また、本当はうがいができる能力があるのにその可否を評価できていないが故に口腔ケア時にガーゼやスポンジブラシでの清拭で終わってしまっている患者さんは結構いるのではないでしょうか。
口腔ケアにおいて、ガーゼでの清拭で終わるより含嗽で終わった方がサッパリ感や潤い感が違いますし、なにより患者さん本人の気持ちよさも格段に上だと思います。
という訳で(前置きが長くなりましたが…)、そのスクリーニング法というのをお伝えします!
それは、『頬膨らまし』がしっかり(5秒以上)できるかどうかをみる、ただそれだけです。
『頬膨らまし』とは、文字通り、空気を口の中に溜め込んでほほをふくらます、ことです。
この頬の膨らましをみることによって下記の3つのことがわかります。
①口唇をしっかり閉めること(十分な口唇閉鎖)が可能か。
②空気を口腔内に溜めることが可能か。つまり、水を含んだ時にも奥舌と軟口蓋による閉鎖で咽頭流入を防ぐことが可能か。
③指示に従える認知機能は保たれているか。
この3つの機能が保たれていると判断されれば、水分を誤嚥する患者さんにも含嗽を積極的に取り入れることが可能だと思います。
ただ一つ、しっかり(5秒以上)とできているかは必ず確認して下さい。
5秒未満で萎んでしまう膨らましではダメです!
それは、奥舌と軟口蓋の閉鎖で口腔内に空気を保持してるのではなく、呼気を持続することで成り立っている頬膨らましの場合があるからです。

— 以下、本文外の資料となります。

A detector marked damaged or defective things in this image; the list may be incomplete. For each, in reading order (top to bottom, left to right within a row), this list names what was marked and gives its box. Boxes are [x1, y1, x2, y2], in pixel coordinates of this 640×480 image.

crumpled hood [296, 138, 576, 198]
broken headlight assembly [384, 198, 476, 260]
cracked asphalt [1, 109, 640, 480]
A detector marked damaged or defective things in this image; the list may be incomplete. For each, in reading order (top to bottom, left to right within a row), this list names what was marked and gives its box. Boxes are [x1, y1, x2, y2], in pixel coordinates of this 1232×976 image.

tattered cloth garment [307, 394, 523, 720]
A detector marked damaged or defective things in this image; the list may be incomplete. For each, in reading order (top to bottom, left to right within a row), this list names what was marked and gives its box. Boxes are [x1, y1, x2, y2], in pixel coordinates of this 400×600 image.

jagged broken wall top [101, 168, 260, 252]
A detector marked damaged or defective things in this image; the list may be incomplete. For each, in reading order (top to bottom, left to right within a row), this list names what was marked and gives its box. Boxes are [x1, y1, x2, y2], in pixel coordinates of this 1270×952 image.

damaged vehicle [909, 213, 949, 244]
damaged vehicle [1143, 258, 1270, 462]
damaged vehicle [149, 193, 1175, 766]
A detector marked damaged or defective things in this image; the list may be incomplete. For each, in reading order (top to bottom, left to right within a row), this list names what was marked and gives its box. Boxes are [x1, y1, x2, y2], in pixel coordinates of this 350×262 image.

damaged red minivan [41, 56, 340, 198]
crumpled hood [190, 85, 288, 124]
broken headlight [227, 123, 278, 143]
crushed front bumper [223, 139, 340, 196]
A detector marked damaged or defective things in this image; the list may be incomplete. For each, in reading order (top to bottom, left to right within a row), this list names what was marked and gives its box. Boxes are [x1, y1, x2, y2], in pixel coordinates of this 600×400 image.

更に言うと、頬を膨らましたまま、鼻呼吸できれば理想的です(当然、健常者は出来ます)。
もちろん、このスクリーニングをクリアした後に実際にうがいをしてもらい実地評価すれば完璧ですが、水飲みテストの前に改定水飲みテスト(MWST)を行うように誤嚥リスクを抑えるスクリーニングテストとして有効ではないかと思います。